Además, ello se da en el marco de niveles progresivos de feroz competencia. Para mayor complejidad, se suma la necesidad de reconocimiento que los seres humanos requieren de otros. No se trata solo de que este se de, como venía siendo tradicional, en el terreno de la familia, el trabajo, la iglesia, el club.
Ahora, la explosión de todo lo que tiene que ver con la identidad y el paroxismo, al que se ha llegado con la valoración suprema del yo, hacen que se multipliquen los niveles en los que se desea el reconocimiento.
Como el proceso no es sencillo, la búsqueda de esos nuevos espacios, que integran gentes perseguidas por el mismo afán, aunque muy heterogéneo y disperso, es frenética y angustiosa.
El hotel tiene un entresuelo donde hay salones para la celebración de eventos de muy diversa índole. Es un sábado a media mañana. El ambiente silencioso registra cierta actividad sosegada. Hay personas que salen y entran de las salas. Lo hacen con calma.
A veces salen apresurados tapando con sus manos un móvil que acercan a sus oídos mientras susurran algo inaudible. Unas mesas con café y bollería atraen la atención de algunos. Otros van a los aseos. Una de las salas permite escuchar la voz de quien habla repitiendo un estribillo que, a veces, es revalidado en voz alta por la audiencia. En la entrada está anunciado que se trata de un encuentro religioso. Más allá, la reunión congrega en otro salón a gente preocupada por la profundización en técnicas de meditación bajo la inspiración de cierto gurú.
Al lado, un grupo, reza el cartel de la entrada, está interesado por la homeopatía; asiste a la proyección de un video. Al final del corredor, se congregan personas locuaces que hacen una pausa en su sesión dedicada al bienestar bioenergético “new age”; constato que también un letrero en la mesa de recepción señala que se aceptan tarjetas de crédito.
Mi amigo ha pasado el fin de semana en un albergue de montaña reunido con un grupo integrado por hombres en el que expresamente se había excluido a mujeres. No me dice si la identidad sexual desempeña algún papel, pero no parece ser un asunto relevante. La cuestión fundamental que les une es compartir experiencias ajenas a la cotidianeidad, es decir al ámbito laboral o al social convencional.

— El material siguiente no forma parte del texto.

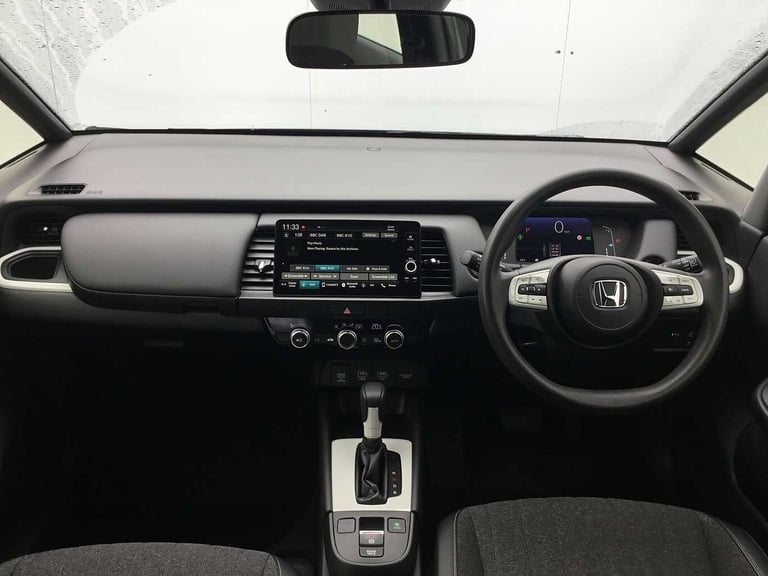 2022 Honda Jazz 1.5 i-MMD Hybrid SR 5dr eCVT Hatchback Hybrid Automatic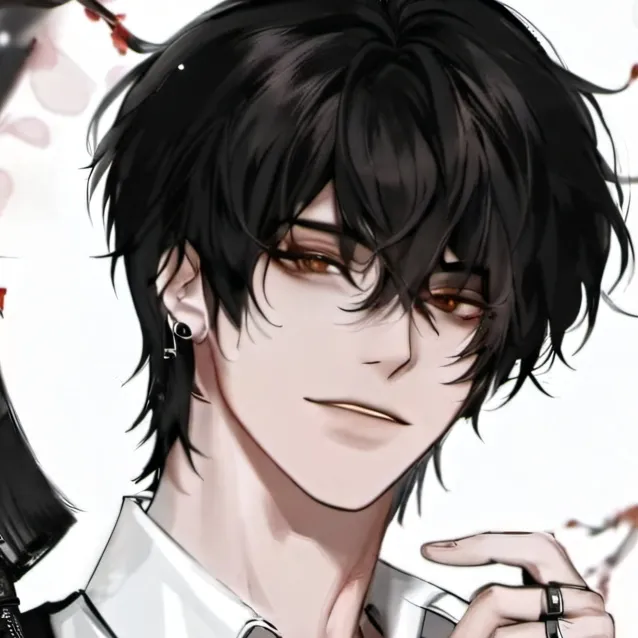 chat with ai character: Lucas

Resalta que lo importante es generar sentido de comunidad, lograr trascender del ensimismamiento en el que se vive a una órbita planetaria en la que él, insiste con brillo en los ojos, se siente feliz porque es reconocido por el líder. Escéptico y pragmático, como soy, le pregunto si le cuesta algo. Su respuesta es rápida: “es lo de menos”. Pero insisto, “300 euros, todo comprendido”.